> **TASK GOAL**
Keep the lines exact and the pictures out as you repeat the following listing.

> **SUPPLIED INFORMATION**

_ _ _ _ _

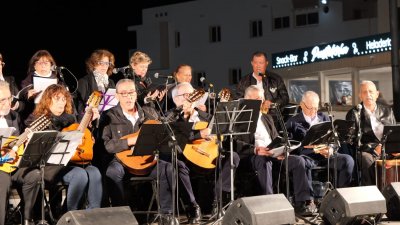 Playa Blanca acoge 'Navidad Isleña'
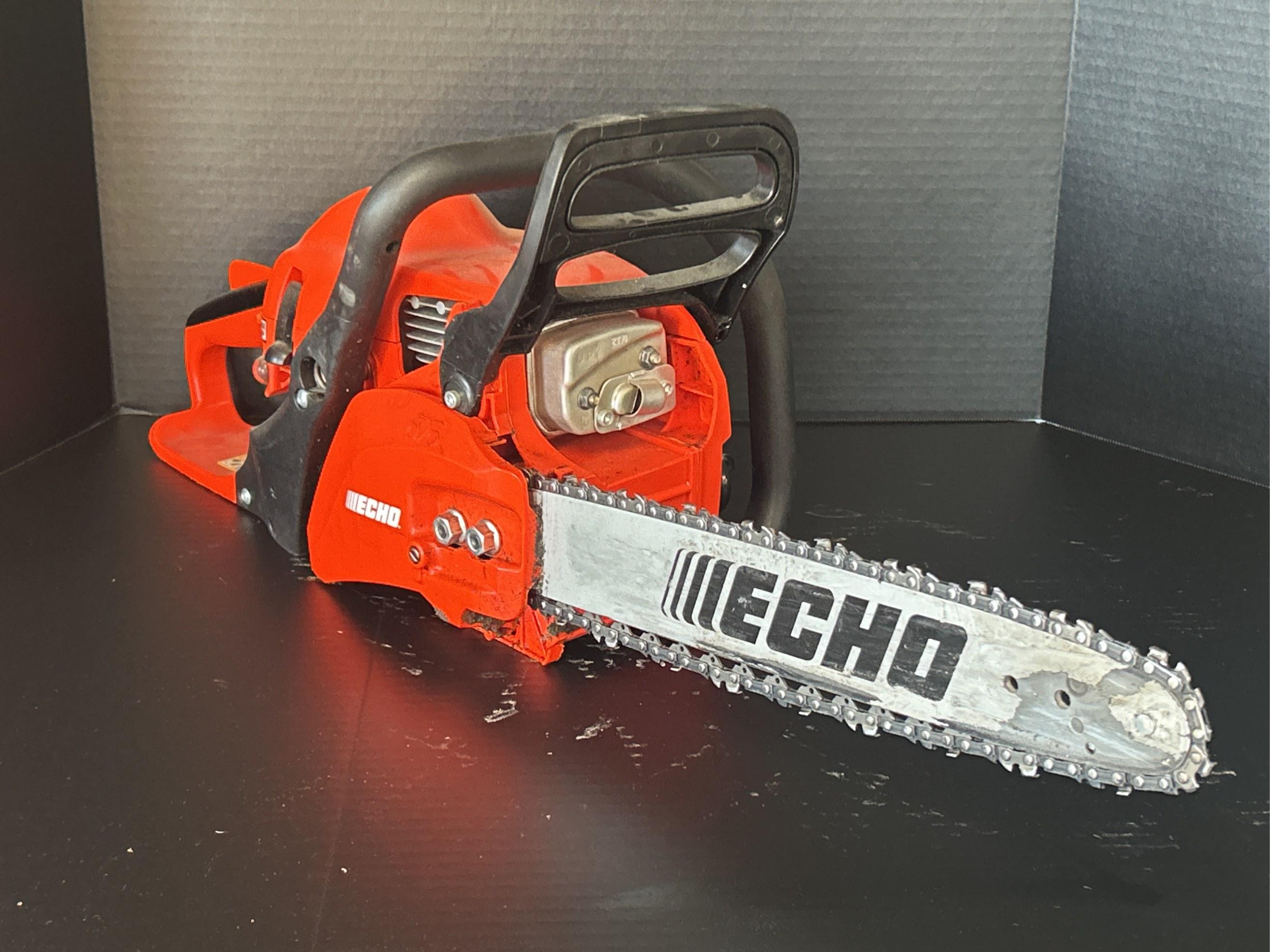 ECHO 14" 30.5cc Gas 2-Stroke Chainsaw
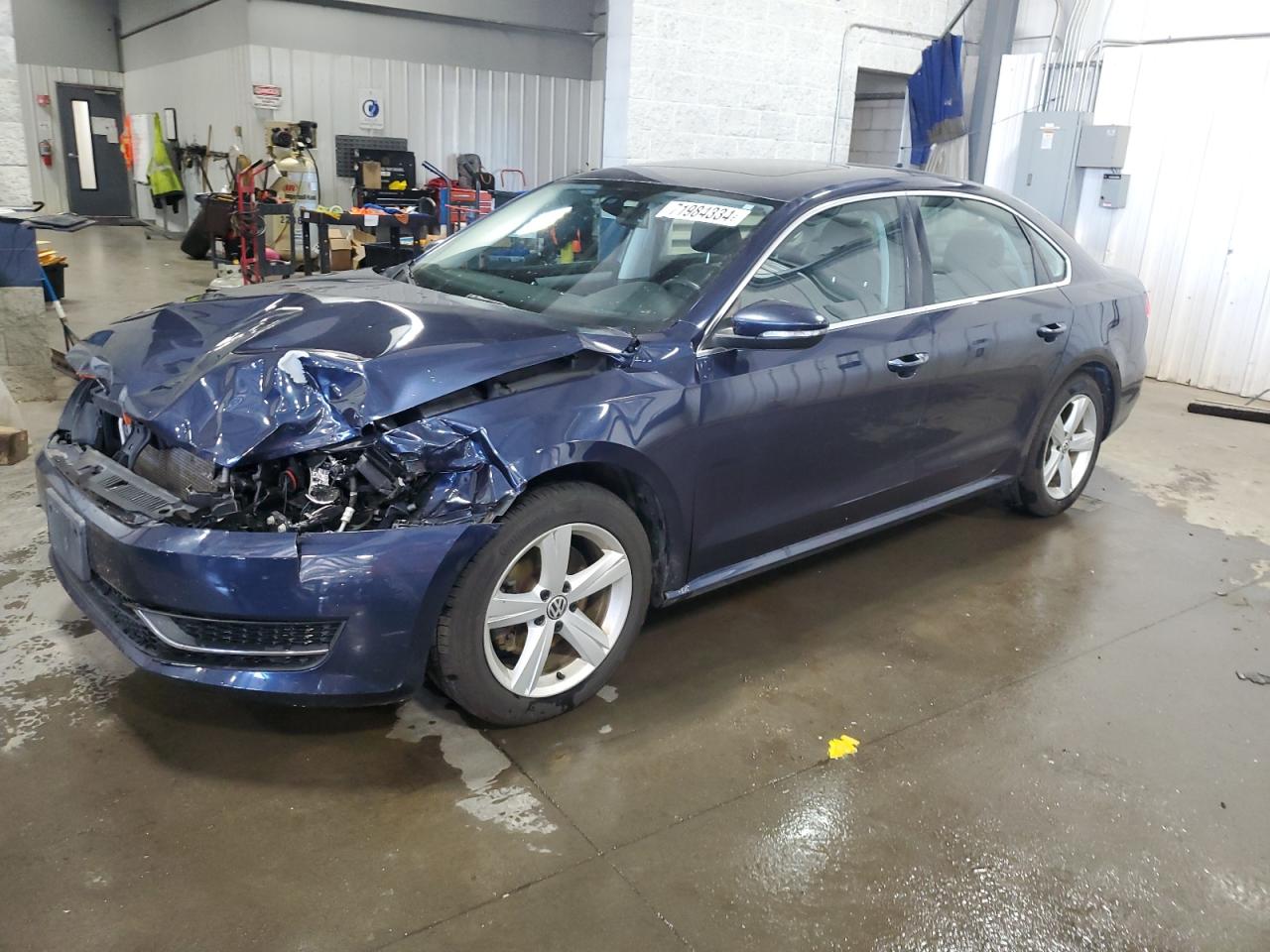 Volkswagen Passat 2012 SE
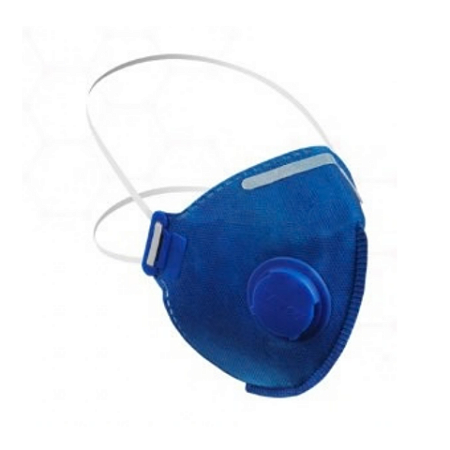 Respirador Tayco T851 PFF3 Azul Com Válvula CA 29874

_ _ _ _ _

> **WRITTEN SOLUTION**
 Playa Blanca acoge 'Navidad Isleña'
 ECHO 14" 30.5cc Gas 2-Stroke Chainsaw
 Volkswagen Passat 2012 SE
 Respirador Tayco T851 PFF3 Azul Com Válvula CA 29874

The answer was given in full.